#### [BRIEF]
Your output must be the lines below from the line containing "BMW 5 Series 2025 — Photo 17/20" to the line containing "Lacivert Yüksek Bel", both lines included, reproduced exactly and without pictures.

#### [SOURCE MATERIAL]
——————

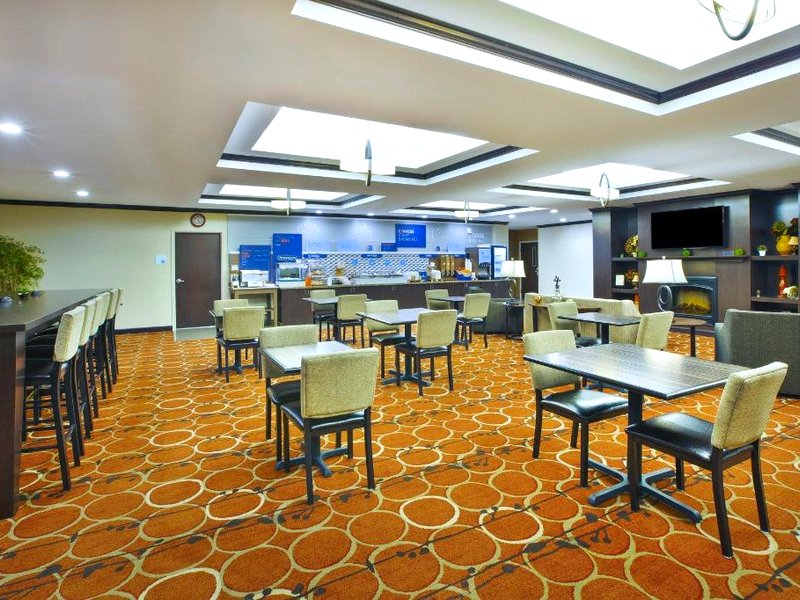Holiday Inn Express & Suites Washington - Meadow Lands By IHGの写真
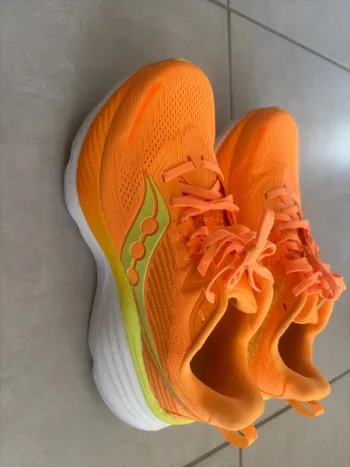 Saucony Hurricane 24 bike d'occasion — image 2 sur 4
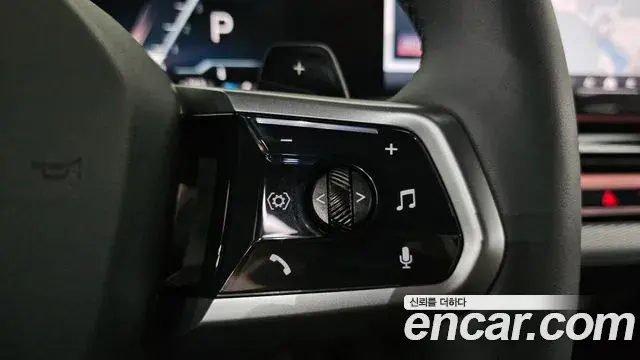 BMW 5 Series 2025 — Photo 17/20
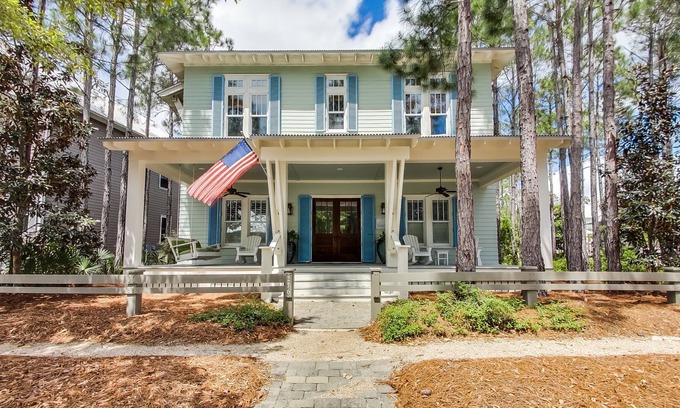 Forest District House | Expansive porches! Quiet area!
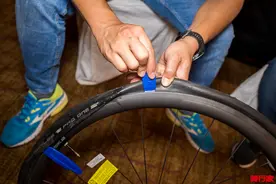 变速车拆卸后轮补内胎，学会后再也不怕扎胎了。图片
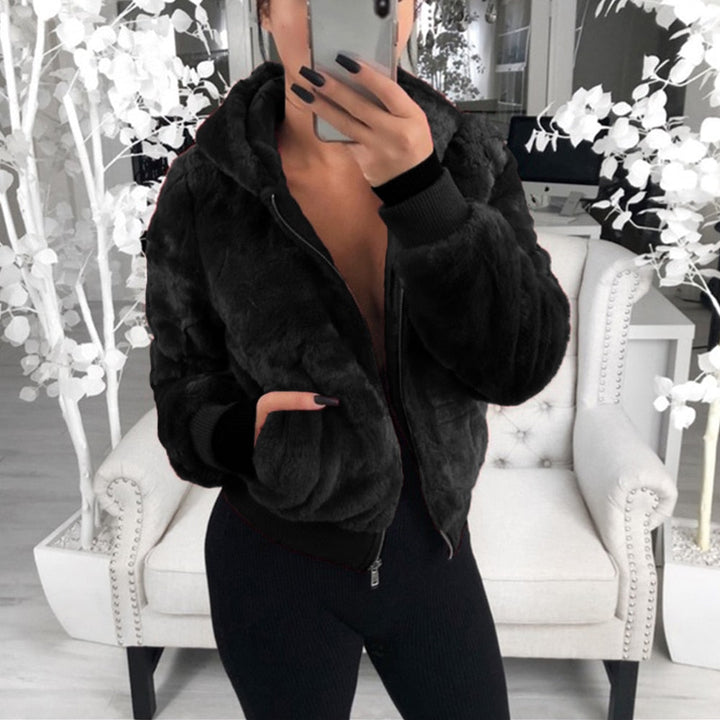 Modieus effen damesvest, zacht imitatiebont en warme capuchon, perfect voor winter.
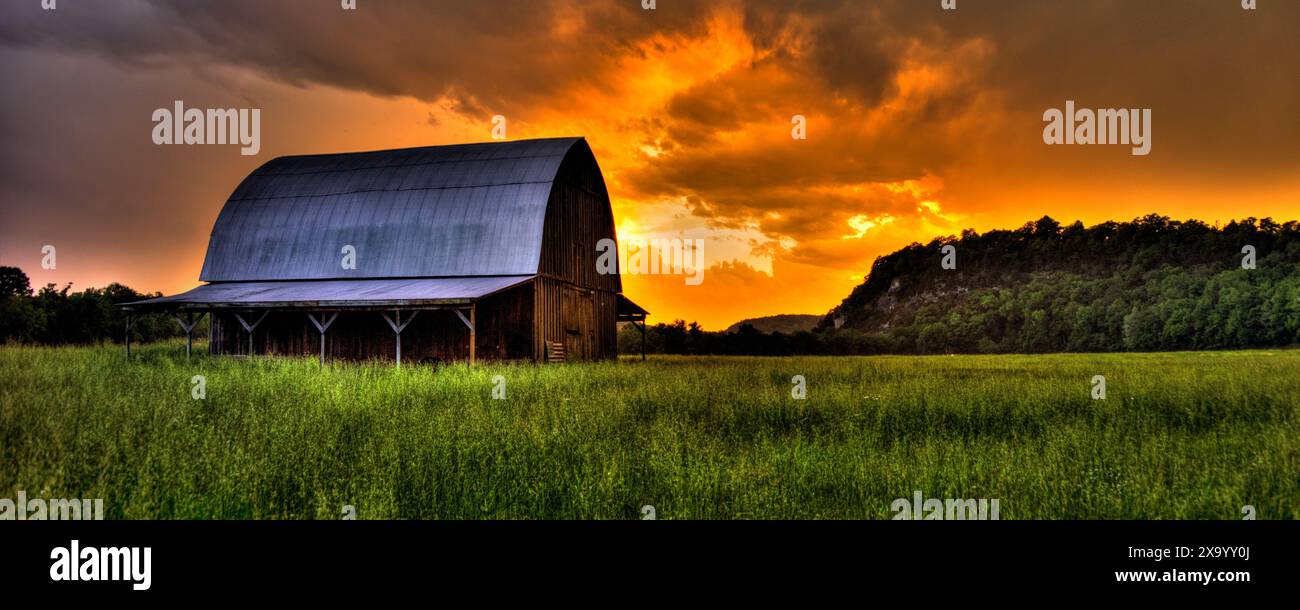 Eine rustikale Scheune vor einem dramatischen Sonnenuntergang Stockfoto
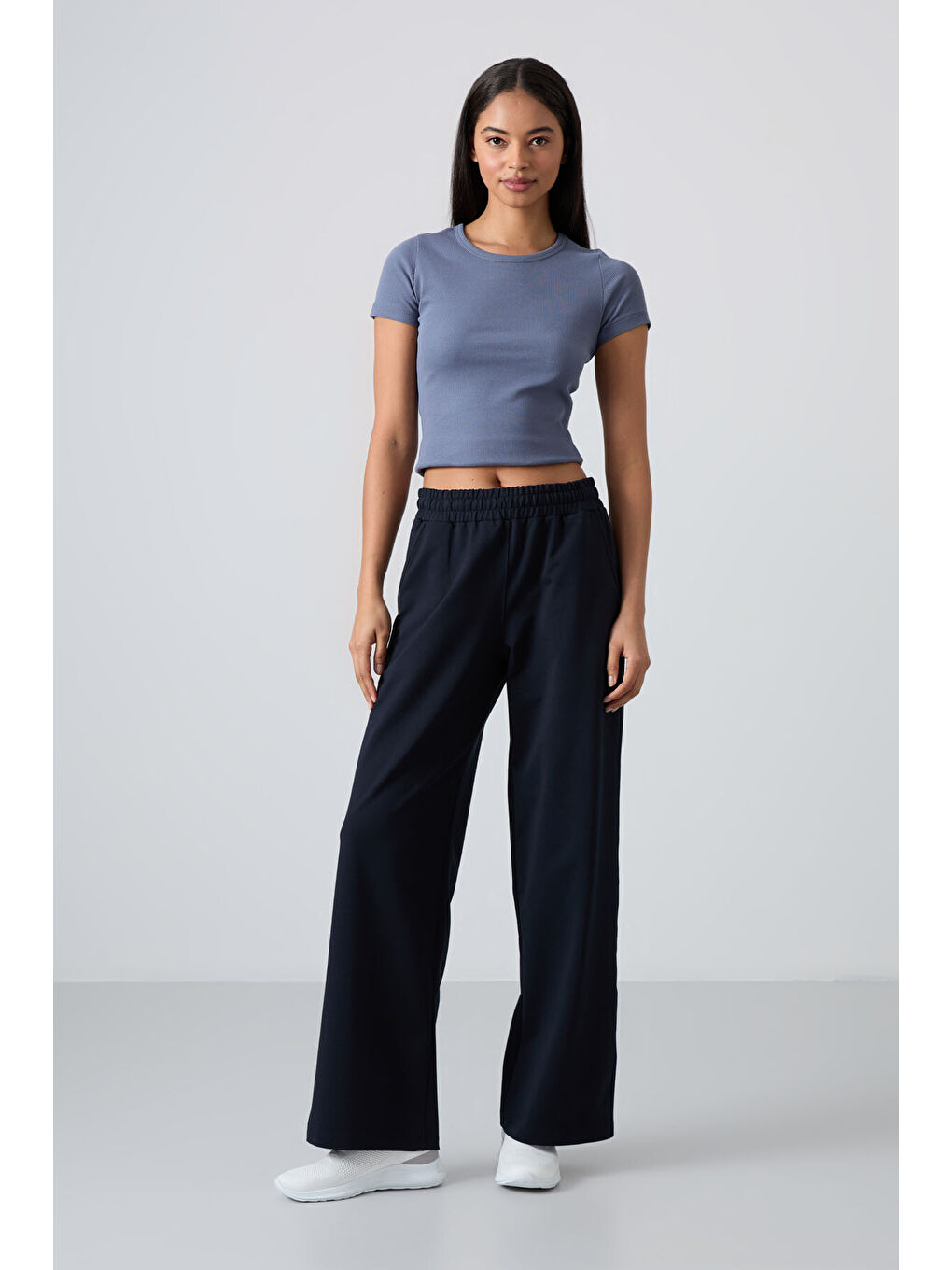 Lacivert Yüksek Bel Cepli Rahat Form Geniş Paça Kadın Eşofman Alt - 94567-1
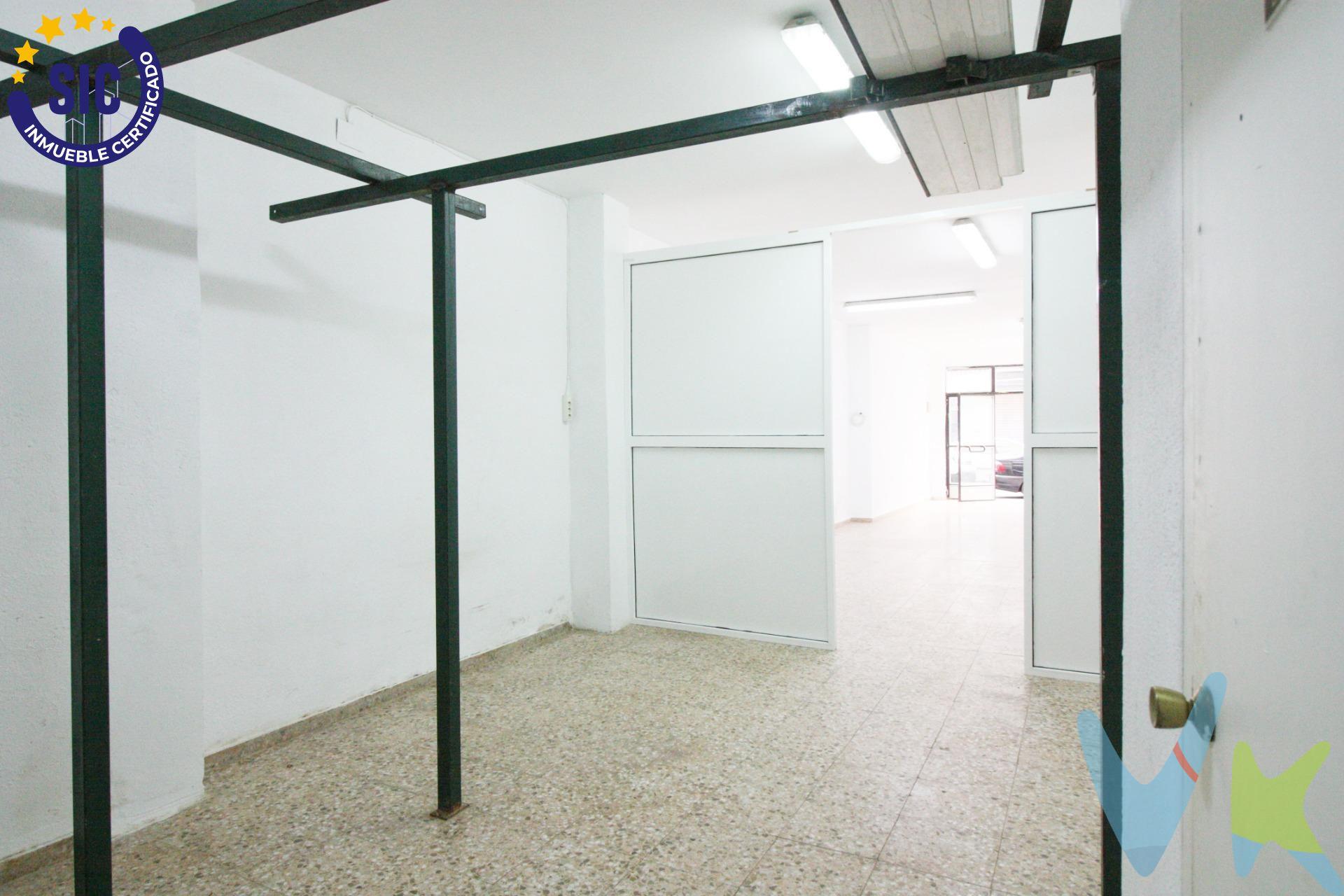 Si buscas un espacio versátil, bien ubicado y con gran potencial, este local comercial en la zona de Las Palmeras puede ser justo lo que necesitas. Con 86 m² de superficie, ofrece una distribución amplia y funcional que se adapta fácilmente a diferentes tipos de actividad: comercio, oficina profesional, centro de servicios, academia, despacho o cualquier proyecto que necesite una ubicación estratégica y visible. Su acceso directo desde la calle aporta comodidad tanto para clientes como para proveedores, mientras que su emplazamiento en una zona consolidada, rodeada de viviendas, comercios y servicios, favorece un flujo constante de personas durante todo el día. Ubicado en pleno núcleo urbano de Alaquàs, con buenas comunicaciones y todos los servicios al alcance, este local representa una excelente oportunidad para emprender, ampliar tu actividad o realizar una inversión con proyección de futuro. Un espacio lleno de posibilidades para dar forma a tu próximo proyecto. Ven a visitarlo y descubre todo lo que puede ofrecerte. INFORMACIÓN LEGAL AL CONSUMIDOR:. El precio indicado no incluye impuestos ni gastos derivados de la compraventa. Gastos a cargo del comprador:. • Impuesto de Transmisiones Patrimoniales (ITP): En segundas transmisiones, el tipo general vigente en la Comunitat Valenciana es del 10% sobre la base imponible, que será el mayor valor entre el precio de compraventa, el valor declarado o el valor de referencia catastral, pudiendo aplicarse tipos reducidos según las circunstancias del comprador. • Honorarios de intermediación inmobiliaria: 4% del precio final de venta con un mínimo de 4000€ + IVA (21%), a cargo del comprador. No incluidos en el precio de venta. • Notaría y Registro de la Propiedad: Los aranceles son oficiales y variables en función del precio y características de la operación. A título orientativo, entre 600 € y 1.000 €. Los gastos se distribuirán conforme a la normativa vigente, salvo pacto en contrario. Las condiciones pueden variar en función de las circunstancias personales y del régimen fiscal aplicable. Otros gastos:. • Gastos de financiación: Tasación, comisiones y condiciones bancarias según la entidad elegida por el comprador. • Gestoría: Servicio opcional, con costes variables en función del proveedor. • Podrán existir otros gastos inherentes a la formalización de la compraventa que correspondan al comprador según normativa vigente. El vendedor asumirá los gastos que legalmente le correspondan, salvo pacto en contrario. El inmueble no se encuentra sujeto, a fecha de publicación, a limitaciones de precio derivadas de normativa de zonas de mercado residencial tensionado. Se facilitará al cliente información detallada y personalizada de todos los costes asociados a la operación, así como la documentación relativa al inmueble, disponible en la sede física de la agencia - Av. Blasco Ibáñez 5 Bajo, 46970, Alaquàs (Valencia) y/o en el medio electrónico habilitado – www.inmueblesvalencianos.net. La agencia actúa exclusivamente como intermediaria en la operación. Cualquier compraventa queda sujeta a la aceptación expresa del vendedor y a la formalización del correspondiente contrato. El presente anuncio tiene carácter meramente informativo y no contractual, pudiendo estar sujeto a errores, cambios o actualizaciones.  . La venta de esta vivienda se gestiona mediante contrato de EXCLUSIVA COMPARTIDA por lo que se trabaja con cerca de 400 Inmobiliarias. . 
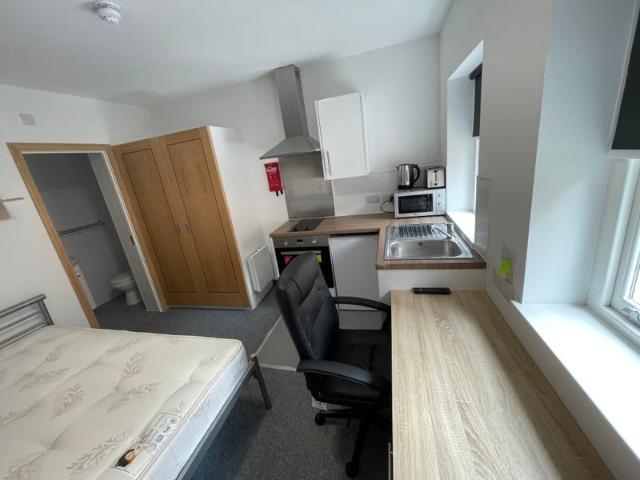 Brand new Studio all bills Inc 3 mins to UoL
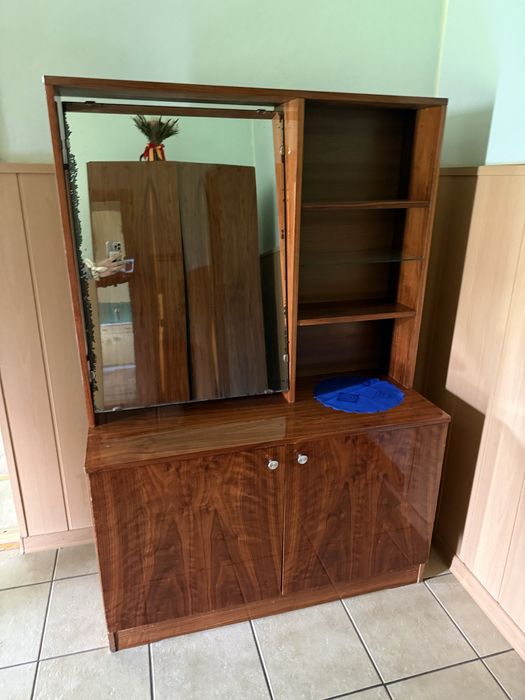 Szafa oraz regal starodawna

——————

#### [RESPONSE]
 BMW 5 Series 2025 — Photo 17/20
 Forest District House | Expansive porches! Quiet area!
 变速车拆卸后轮补内胎，学会后再也不怕扎胎了。图片
 Modieus effen damesvest, zacht imitatiebont en warme capuchon, perfect voor winter.
 Eine rustikale Scheune vor einem dramatischen Sonnenuntergang Stockfoto
 Lacivert Yüksek Bel Cepli Rahat Form Geniş Paça Kadın Eşofman Alt - 94567-1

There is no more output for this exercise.